Captioned web images:
=-=-=
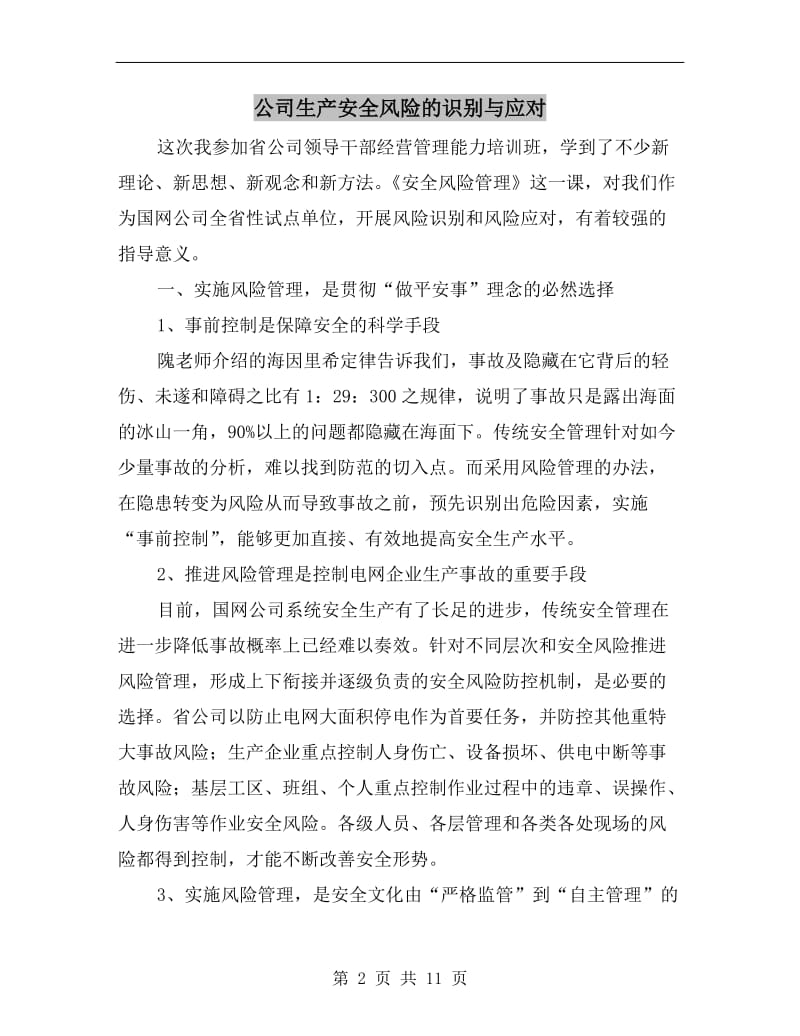 公司生产安全风险的识别与应对.doc_第2页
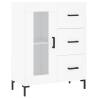 Stylish Highboard White 69.5x34x180 cm - Durable & Elegant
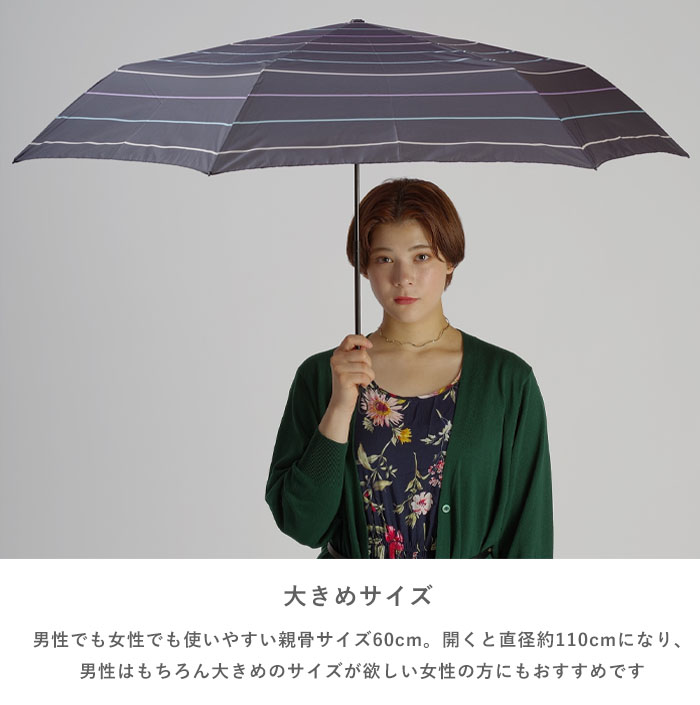 nifty colors ニフティーカラーズ 傘 ボーダー カーボン 軽量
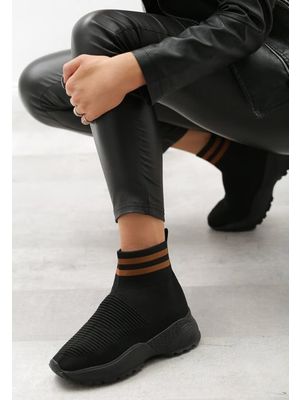 High-top sarvise fekete női sneakers << lejárt 713767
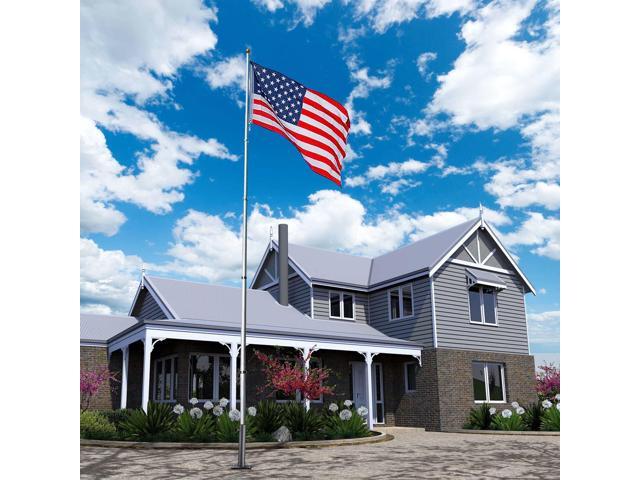 Yescom Flagpole Base Dock Deck Mount Windsock Base Umbrella Stand Outdoor Backyard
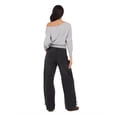 thumbnail image 5 of Forever 21 Women's Grey Slouchy Sweater, Off-Shoulder Design Star Print for Cozy Fall Layering, XS, 5 of 6
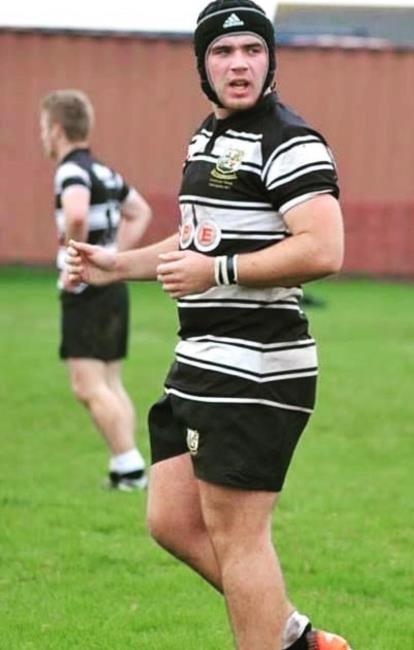 Jack looking good in his Quins kit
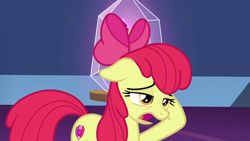 Size: 1920x1080 | Tagged: safe, screencap, character:apple bloom, episode:growing up is hard to do, g4, my little pony: friendship is magic, older, older apple bloom, solo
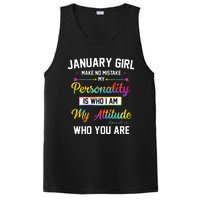 January Girl Makes No Mistake Birthday For January Girl PosiCharge Competitor Tank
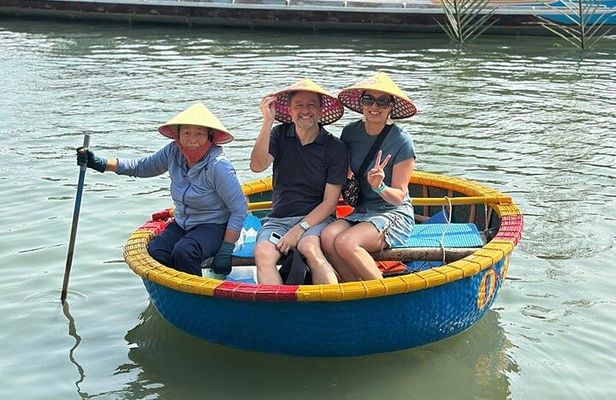 Marble Mountains-Basket Boat Ride to Coconut Jungle & Hoi An City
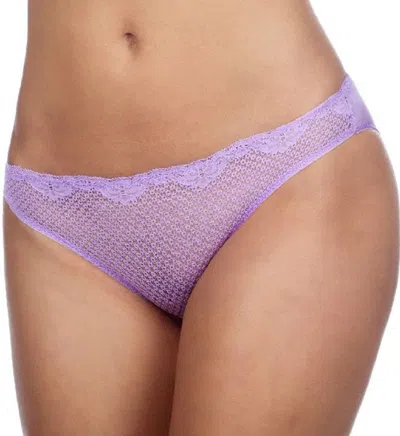 Timpa Lingerie Duet Lace Low-cut Bikini In Lilac In Purple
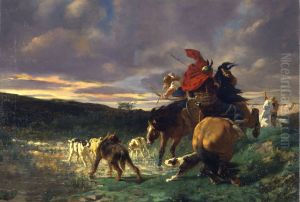 Merovingians attacking a Wild Dog by Evariste Vital Luminais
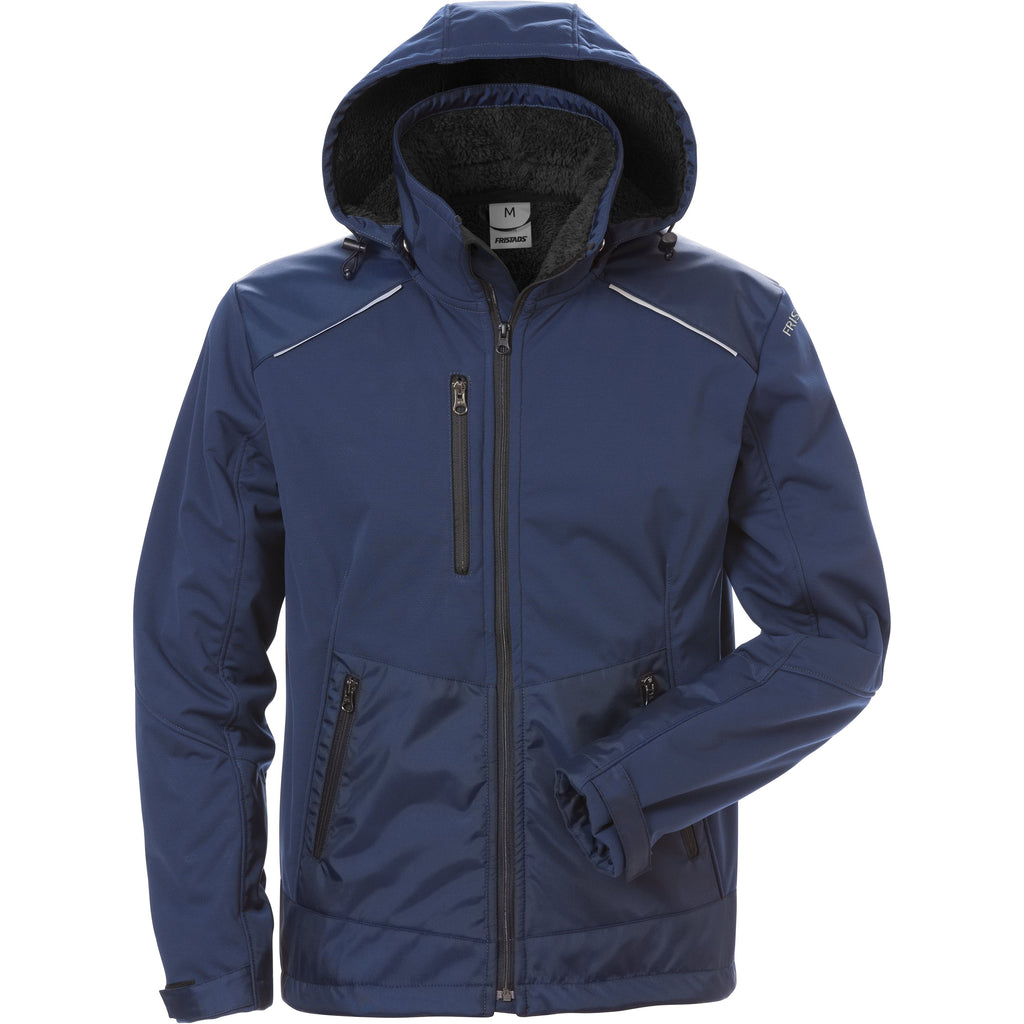 Fristads Fristads Stretch softshell winterjack 4060 CFJ Dark Slate Gray Softshell jas donker marineblauw / S,donker marineblauw / XS,donker marineblauw / M,donker marineblauw / L,donker marineblauw / XL,donker marineblauw / XXL,donker marineblauw / 3XL,donker marineblauw / 4XL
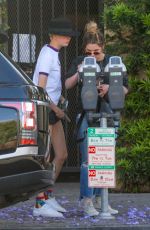 CARA DELEVINGNE and ASHLEY BENSON Out in West Hollywood 05/26/2018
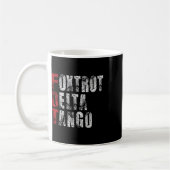 Delta Tangos Funny Foxtrots Delta Tangos Kaffeetasse (Links)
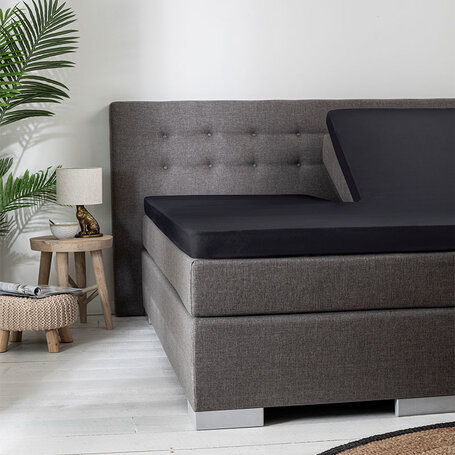2-Pack Splittopper Stretch Taupe - 140 x 200/220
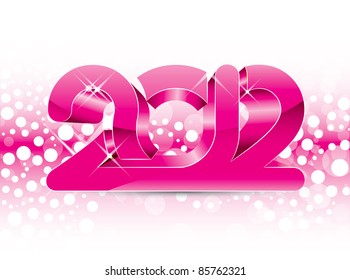 2012 New Year illustration with 3d effects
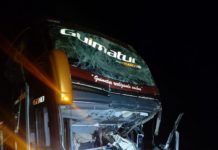 Acidente entre ônibus e caminhão, mata motorista de 53 anos em Santa Cruz do Rio Pardo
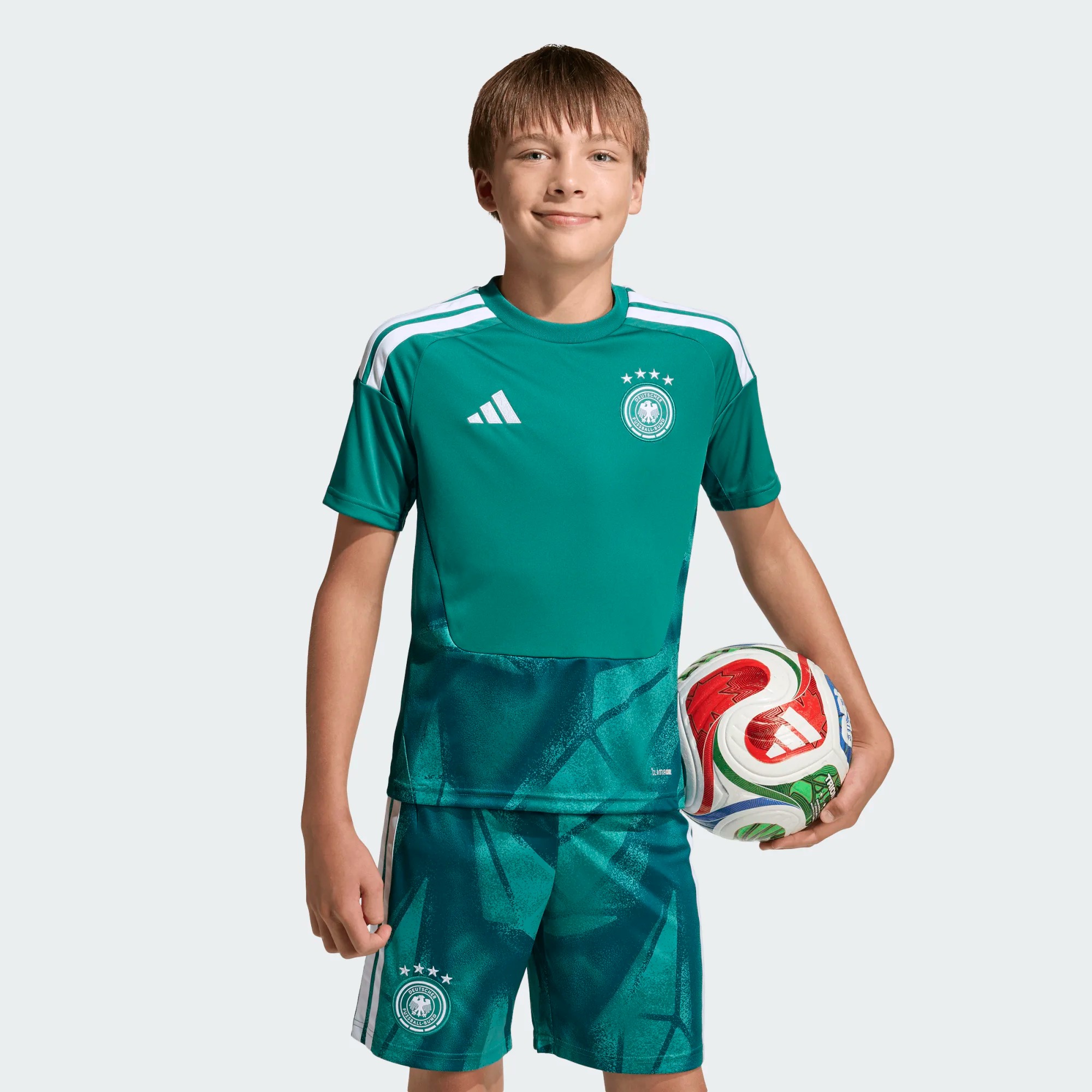 ADIDAS GERMANY 26 HOME GOALKEEPER KIDS SHORT SLEEVE JERSEY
=-=-=
- PROBLEM DETAILS: Using the data above, set down each line from the line with "Fristads Fristads Stretch" to the line with "2-Pack Splittopper Stretch" exactly, both ends included, and leave the pictures behind. Nothing else belongs.

- EXERCISE OUTPUT:
 Fristads Fristads Stretch softshell winterjack 4060 CFJ Dark Slate Gray Softshell jas donker marineblauw / S,donker marineblauw / XS,donker marineblauw / M,donker marineblauw / L,donker marineblauw / XL,donker marineblauw / XXL,donker marineblauw / 3XL,donker marineblauw / 4XL
 CARA DELEVINGNE and ASHLEY BENSON Out in West Hollywood 05/26/2018
 Delta Tangos Funny Foxtrots Delta Tangos Kaffeetasse (Links)
2-Pack Splittopper Stretch Taupe - 140 x 200/220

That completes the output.